**Work request**: Could you restate word for word only the lines below from the one holding "Синий Фольксваген Ти-Рок, объемом" to the one holding "Alfombra Grande para", inclusive, and leave out the pictures?

**Stored data**:
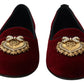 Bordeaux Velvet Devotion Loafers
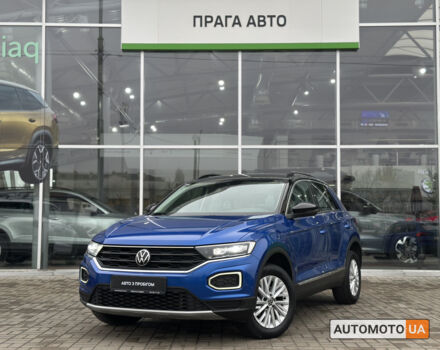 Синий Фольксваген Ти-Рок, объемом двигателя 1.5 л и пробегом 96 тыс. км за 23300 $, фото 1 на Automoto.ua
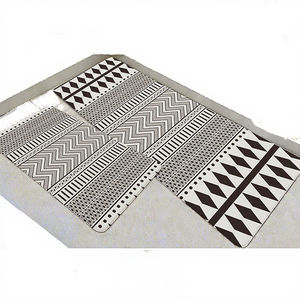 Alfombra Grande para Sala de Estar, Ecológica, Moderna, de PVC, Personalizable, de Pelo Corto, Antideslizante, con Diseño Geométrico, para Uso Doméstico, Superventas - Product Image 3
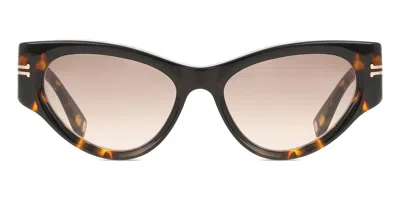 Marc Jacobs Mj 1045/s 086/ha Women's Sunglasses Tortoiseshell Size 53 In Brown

**Answer for the task**:
 Синий Фольксваген Ти-Рок, объемом двигателя 1.5 л и пробегом 96 тыс. км за 23300 $, фото 1 на Automoto.ua
 Alfombra Grande para Sala de Estar, Ecológica, Moderna, de PVC, Personalizable, de Pelo Corto, Antideslizante, con Diseño Geométrico, para Uso Doméstico, Superventas - Product Image 3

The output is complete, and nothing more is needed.